It pays to be a backup quarterback, especially if you’re Mike Glennon. At one point, he looked like the future of the Tampa Bay Buccaneers. But after just 18 starts, he got replaced and has spent the majority of his NFL career on the sidelines. Still, that hasn’t stopped Glennon from cashing in. And on Friday, the Jacksonville Jaguars became the fifth team to employ the veteran backup. Mike Glennon may not make much of an on-field impact, but he’s managed to break the bank despite a pitiful starting record.
Mike Glennon lost his starting job to Jameis Winston in Tampa
The Buccaneers made Mike Glennon the third quarterback off the board in the 2013 NFL draft. That quarterback class ranks as arguably the worst of the decade, as the Buffalo Bills made E.J. Manuel the lone first-round signal-caller. The 6-foot-7, 225-pound Glennon immediately became Tampa Bay’s starter. Unfortunately, his 59.4 completion percentage and paltry 6.3 yards per attempt didn’t impress anyone. Buccaneers fans watched their team go 4-9 with the rookie under center.
Glennon actually got replaced twice in Tampa. First, the Bucs inserted veteran Josh McCown in 2014. However, the team turned back to their second-year signal-caller after McCown suffered an injury. Glennon went just 1-4 and once again completed less than 60 percent of his passes.
Jameis Winston became the new face of the franchise the following year. In fact, Glennon didn’t play a single snap in 2015, as the team turned the reigns over to the No. 1 pick. Glennon appeared in two games in 2016 before testing the free-agent waters in the offseason.
Bears signed former Buccaneers starter to $45 million deal in 2017
Despite getting benched twice in favor of an aging QB and a brand new one, Mike Glennon managed to earn himself a heck of a deal.

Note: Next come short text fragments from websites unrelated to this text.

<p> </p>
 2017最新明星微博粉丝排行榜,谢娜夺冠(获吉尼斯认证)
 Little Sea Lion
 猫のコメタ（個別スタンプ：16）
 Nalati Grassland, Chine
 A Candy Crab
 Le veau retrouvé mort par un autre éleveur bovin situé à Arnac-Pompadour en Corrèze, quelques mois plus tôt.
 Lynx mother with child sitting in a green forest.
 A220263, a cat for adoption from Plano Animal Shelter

Showing no care in the world about Glennon’s thin resume, Chicago Bears GM Ryan Pace handed the uninspiring quarterback a three-year, $45 million deal that included $18.5 million guaranteed. That represented a major raise for the disappointing former third-round pick, who earned just under $4 million in four seasons in Florida.
In what should be a lesson to other GMs in fiscal responsibility, the Bears inexplicably then traded up to draft Mitchell Trubisky. Apparently Pace didn’t care that he had just handed one quarterback a starter-level deal. And once again, Glennon found himself in an awkward situation. Chicago opened the 2017 season with Glennon as its starter, but that experiment didn’t last long.
The Bears replaced their high-priced offseason acquisition after Glennon lost three of his first four starts. He threw five interceptions and managed just 101 passing yards in his only victory. Trubisky went 4-8 as the Bears’ new starter. Chicago cut Glennon in March after paying him $16 million for one win.
Glennon found a new home with the Jaguars
Relocating out west, Glennon spent the 2018 season with the Arizona Cardinals. He completed 71.4 percent of his passes in limited action. But just one year into his two-year, $8 million, the Cardinals cut him. Jon Gruden signed Glennon to a one-year, $1.95 million deal to serve as Derek Carr’s backup last season. The 30-year-old threw one touchdown on 10 attempts.
Officially earning the journeyman label, Mike Glennon found a new home on Friday by signing a one-year deal with the Jaguars. He’s expected to serve as a veteran mentor to promising second-year starter Gardner Minshew. While the terms of Glennon’s deal haven’t been disclosed, it’s not like he’s hurting for money.
Since entering the NFL as the 73rd overall pick in 2013, Mike Glennon has made $26,896,782. With just six wins under his belt, that averages out to about $4.5 million per victory. Somehow, someway, the newest member of the Jaguars keeps banking despite a thoroughly uninspiring resume.